The divinization promised by Iamblichus for the theurgist is highly relevant to Prospero, who is so powerful that, throughout the play, he is repeatedly confused, conflated with, and compared to a god or gods.98 When Caliban is dismissed by Prospero after his first appearance on stage, he says in an aside that, “I must obey. His art is of such power/It would control my dam’s god, Setobos,/ And make a vassal of him.”99 Ferdinand does not compare Prospero with a god, but assumes that someone with Prospero’s powers must be a god.
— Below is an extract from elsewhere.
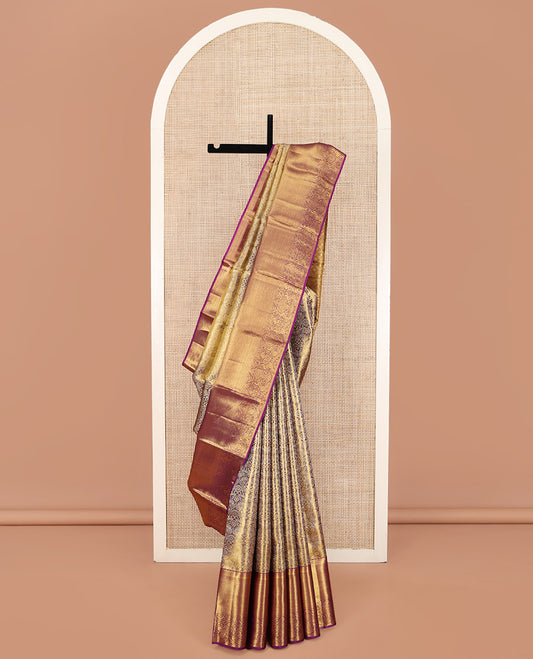 Gleaming Wine Kanchipuram Silk Saree, Gracefully Embellished with Jacquard Design All Over Its Body, Highlighted by a Zari Border of Thilakam, Muthu, Kathir, Mayil Kann, and Mayil Designs, and Pallu of Jaal Designs, and Paired with a Matching Blouse
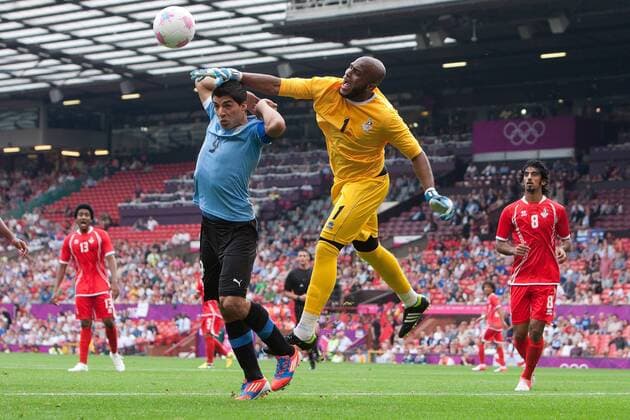 Football - London 2012 Olympics - United Arab Emirates vs. Uruguay Ali Khaseif of UAE clears the ball from Luis Suarez of Uruguay at Old Trafford, Manchester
When he hears Ariel’s music, he says, “sure it waits upon/ Some god o’ th’ island.”100 Ariel, who knows what is going on, informs the shipwrecked court party who are responsible for banishing Prospero and Miranda from Milan that, for their:
          foul deed
The powers, delaying, not forgetting, have
Incensed the seas and shores, yea, all the creatures,
Against your peace…
…whose wraths to guard you from—
Which here, in this most desolate isle, else falls
Upon your heads—is nothing but heart’s sorrow
And a clear life ensuing.101
Prospero then congratulates Ariel for his performance, praising the fact that, “Of my instruction hast thou nothing bated/ In what thou hadst to say.”102 In other words, it is Prospero who has chosen to present himself as a punishing providence.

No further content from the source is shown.